I recently shared my Fiery Harissa recipe with business woman and yoga instructor - Misty Mahela of KAIYAH.
As I was gathering the ingredients together for our meeting, I found myself a little anxious to ask her questions on how she melds the two together, being that they seem like very different energies. I was pleased with her answers, because it helped me understand more deeply how the practice of yoga slowly seeps into our daily lives, essentially being the true yoga practice.
1. What fills your heart with joy?
Quite simply helping others and approaching my life from the heart, gaining understanding, and connecting. Hearing my kids laugh or sing. Inspiring someone to see and believe in the magnificence and potential they hold within themselves. Learning something new as I consider myself a lifelong learner.
2. When were you introduced to yoga and what inspired you to become a yoga teacher?
I came to yoga when I was pregnant with my first child, my daughter, and had no idea of what the practice truly was at the time. I was alone with no family and I immediately felt a sense of peace after the first time I practiced yoga.
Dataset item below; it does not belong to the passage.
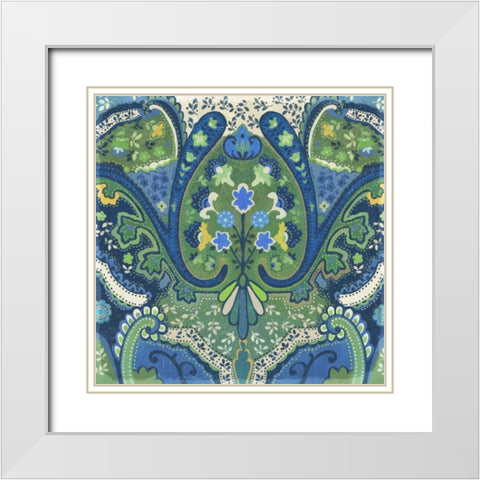 Garden Mosaic I White Modern Wood Framed Art Print with Double Matting by PI Studio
From that point forward, I have continued to practice and yoga has become a central part of my life both personally and professionally.
Becoming a teacher was a natural step for me, as I love knowledge and had a deep desire to deepen my own understanding of the power of the practice and to share this understanding with the world. I knew intuitively the practice had helped me heal physically, mentally, and emotionally at different points in my life and I became fascinated with understanding the origin, history, and purpose of the practice. I see the physical practice as the gateway to the real yoga, which is being open to receive the wisdom of the higher power. Once we calm the fluctuations of the mind, or what we yogis refer to as “the virtti”, that is when the true yoga begins.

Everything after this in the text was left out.